*Exercise brief:* All of the records are to be copied out exactly, with nothing left out.

*Data excerpts:*
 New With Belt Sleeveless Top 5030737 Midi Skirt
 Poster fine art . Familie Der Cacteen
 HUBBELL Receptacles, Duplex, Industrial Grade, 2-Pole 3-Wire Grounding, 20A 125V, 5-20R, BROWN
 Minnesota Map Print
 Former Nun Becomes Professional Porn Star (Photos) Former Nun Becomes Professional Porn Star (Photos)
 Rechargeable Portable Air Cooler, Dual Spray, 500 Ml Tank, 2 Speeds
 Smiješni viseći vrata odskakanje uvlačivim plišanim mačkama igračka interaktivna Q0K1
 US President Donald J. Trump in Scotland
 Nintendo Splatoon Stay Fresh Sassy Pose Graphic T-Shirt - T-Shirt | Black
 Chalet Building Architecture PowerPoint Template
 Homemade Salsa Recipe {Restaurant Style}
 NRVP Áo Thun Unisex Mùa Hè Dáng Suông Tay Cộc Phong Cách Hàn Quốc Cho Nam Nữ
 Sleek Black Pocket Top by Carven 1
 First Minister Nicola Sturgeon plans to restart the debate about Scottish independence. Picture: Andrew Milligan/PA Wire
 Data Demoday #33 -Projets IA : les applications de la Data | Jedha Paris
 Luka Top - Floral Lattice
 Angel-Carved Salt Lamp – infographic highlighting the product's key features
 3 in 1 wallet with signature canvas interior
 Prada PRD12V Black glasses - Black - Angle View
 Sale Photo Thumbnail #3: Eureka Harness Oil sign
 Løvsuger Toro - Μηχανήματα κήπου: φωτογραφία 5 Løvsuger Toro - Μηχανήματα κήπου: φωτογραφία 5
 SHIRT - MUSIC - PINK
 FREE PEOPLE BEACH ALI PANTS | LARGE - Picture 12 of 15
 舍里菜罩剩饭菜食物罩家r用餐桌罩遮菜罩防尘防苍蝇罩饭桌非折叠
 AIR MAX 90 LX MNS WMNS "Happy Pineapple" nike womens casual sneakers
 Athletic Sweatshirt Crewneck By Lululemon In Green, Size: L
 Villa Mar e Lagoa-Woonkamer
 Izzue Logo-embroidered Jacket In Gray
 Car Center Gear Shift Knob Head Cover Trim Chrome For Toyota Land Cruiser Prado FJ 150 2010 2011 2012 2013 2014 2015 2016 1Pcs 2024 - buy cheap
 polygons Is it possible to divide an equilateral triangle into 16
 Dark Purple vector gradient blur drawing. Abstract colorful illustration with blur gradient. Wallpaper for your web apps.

*Task result:*
 New With Belt Sleeveless Top 5030737 Midi Skirt
 Poster fine art . Familie Der Cacteen
 HUBBELL Receptacles, Duplex, Industrial Grade, 2-Pole 3-Wire Grounding, 20A 125V, 5-20R, BROWN
 Minnesota Map Print
 Former Nun Becomes Professional Porn Star (Photos) Former Nun Becomes Professional Porn Star (Photos)
 Rechargeable Portable Air Cooler, Dual Spray, 500 Ml Tank, 2 Speeds
 Smiješni viseći vrata odskakanje uvlačivim plišanim mačkama igračka interaktivna Q0K1
 US President Donald J. Trump in Scotland
 Nintendo Splatoon Stay Fresh Sassy Pose Graphic T-Shirt - T-Shirt | Black
 Chalet Building Architecture PowerPoint Template
 Homemade Salsa Recipe {Restaurant Style}
 NRVP Áo Thun Unisex Mùa Hè Dáng Suông Tay Cộc Phong Cách Hàn Quốc Cho Nam Nữ
 Sleek Black Pocket Top by Carven 1
 First Minister Nicola Sturgeon plans to restart the debate about Scottish independence. Picture: Andrew Milligan/PA Wire
 Data Demoday #33 -Projets IA : les applications de la Data | Jedha Paris
 Luka Top - Floral Lattice
 Angel-Carved Salt Lamp – infographic highlighting the product's key features
 3 in 1 wallet with signature canvas interior
 Prada PRD12V Black glasses - Black - Angle View
 Sale Photo Thumbnail #3: Eureka Harness Oil sign
 Løvsuger Toro - Μηχανήματα κήπου: φωτογραφία 5 Løvsuger Toro - Μηχανήματα κήπου: φωτογραφία 5
 SHIRT - MUSIC - PINK
 FREE PEOPLE BEACH ALI PANTS | LARGE - Picture 12 of 15
 舍里菜罩剩饭菜食物罩家r用餐桌罩遮菜罩防尘防苍蝇罩饭桌非折叠
 AIR MAX 90 LX MNS WMNS "Happy Pineapple" nike womens casual sneakers
 Athletic Sweatshirt Crewneck By Lululemon In Green, Size: L
 Villa Mar e Lagoa-Woonkamer
 Izzue Logo-embroidered Jacket In Gray
 Car Center Gear Shift Knob Head Cover Trim Chrome For Toyota Land Cruiser Prado FJ 150 2010 2011 2012 2013 2014 2015 2016 1Pcs 2024 - buy cheap
 polygons Is it possible to divide an equilateral triangle into 16
 Dark Purple vector gradient blur drawing. Abstract colorful illustration with blur gradient. Wallpaper for your web apps.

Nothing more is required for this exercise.